- [Entries supplied]:

======

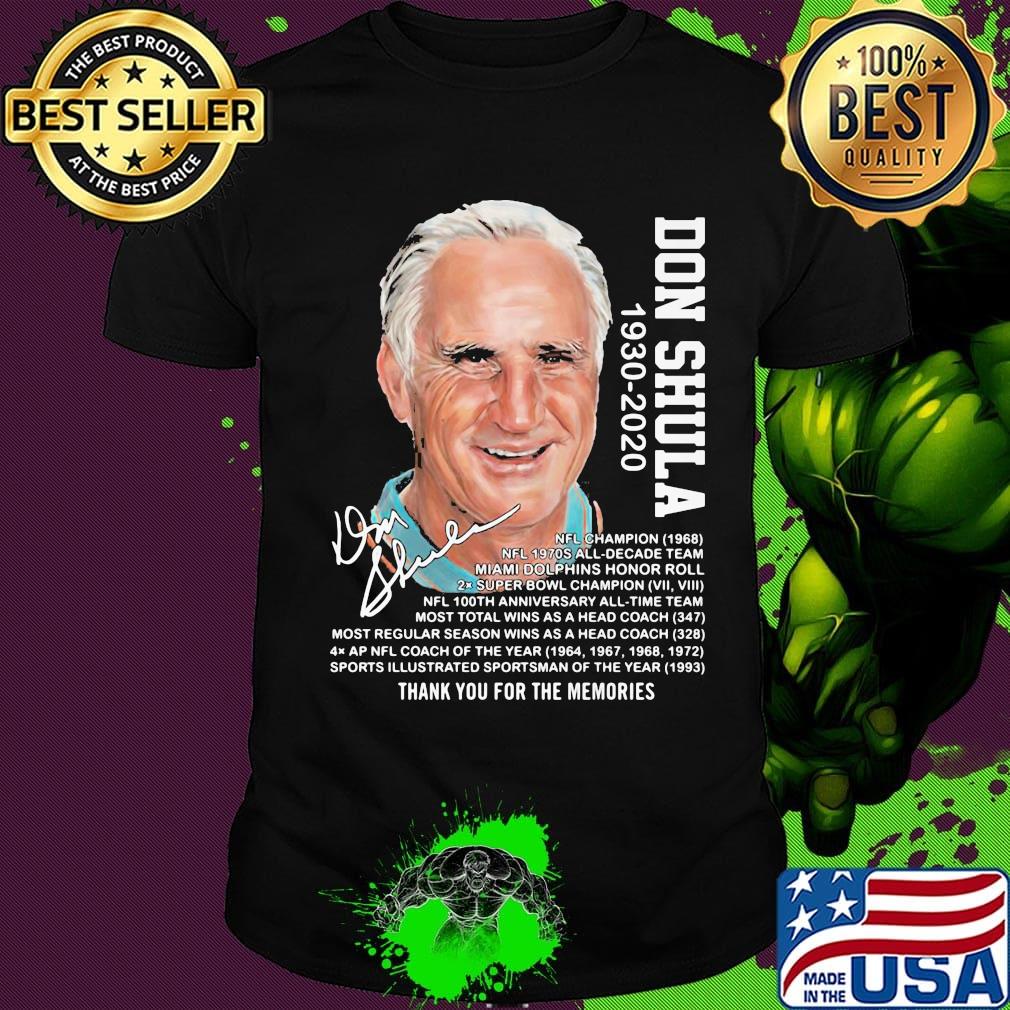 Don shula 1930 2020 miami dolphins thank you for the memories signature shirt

======

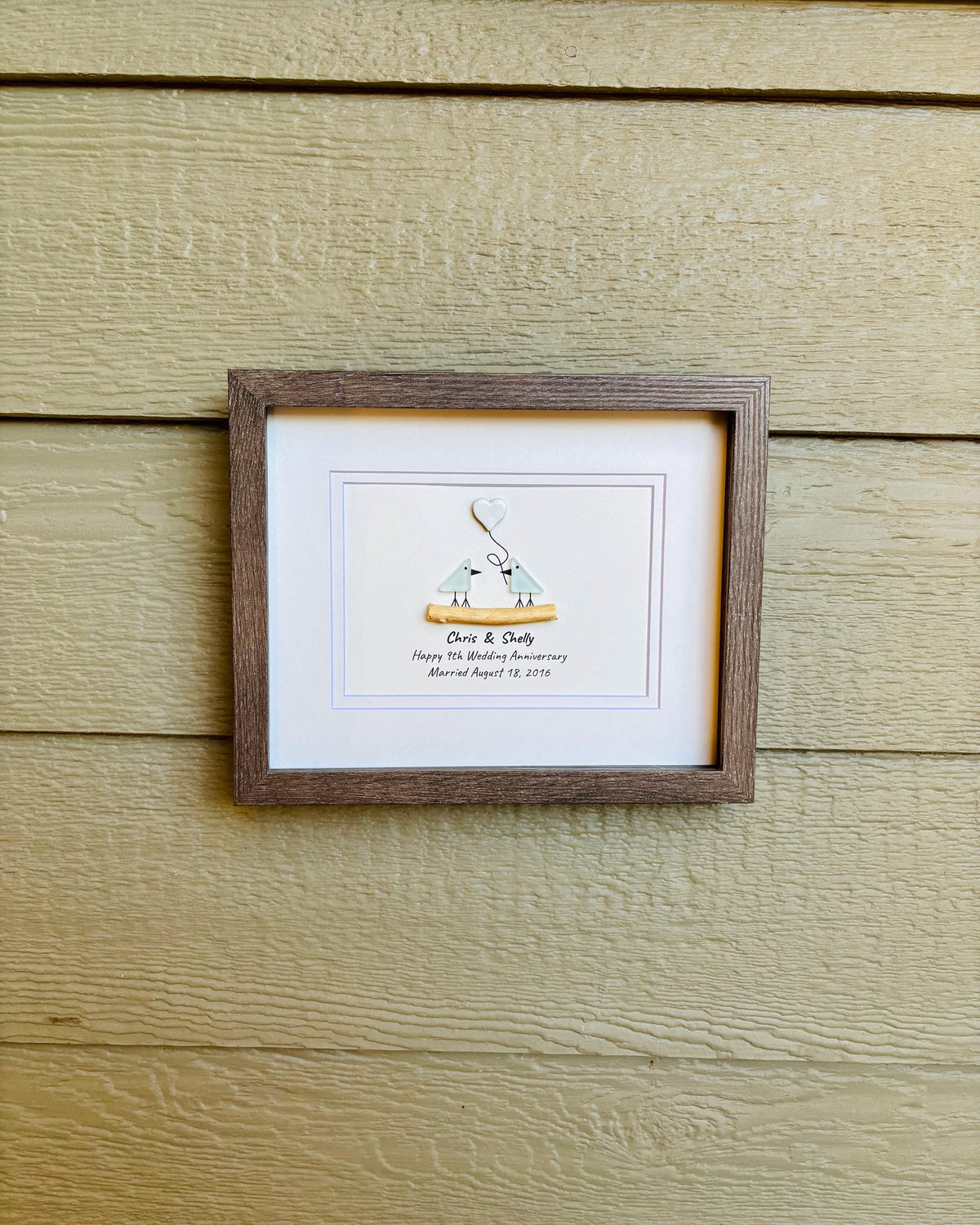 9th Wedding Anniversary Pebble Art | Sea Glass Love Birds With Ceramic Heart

======

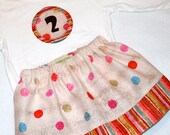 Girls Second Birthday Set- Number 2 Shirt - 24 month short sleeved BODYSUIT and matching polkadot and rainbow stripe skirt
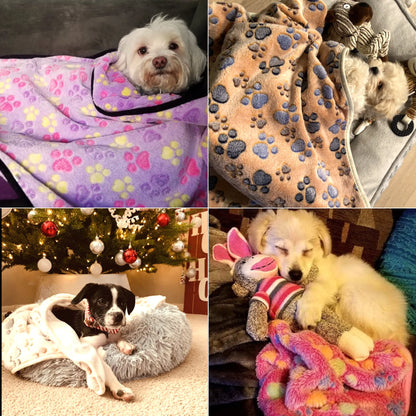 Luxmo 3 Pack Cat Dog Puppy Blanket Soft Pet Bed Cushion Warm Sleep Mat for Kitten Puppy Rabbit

======

With the pictures omitted, print the lines above exactly, beginning at the line with "Girls Second Birthday" and going on through the line with "Luxmo 3 Pack".

- [Result of this exercise]:
 Girls Second Birthday Set- Number 2 Shirt - 24 month short sleeved BODYSUIT and matching polkadot and rainbow stripe skirt
 Luxmo 3 Pack Cat Dog Puppy Blanket Soft Pet Bed Cushion Warm Sleep Mat for Kitten Puppy Rabbit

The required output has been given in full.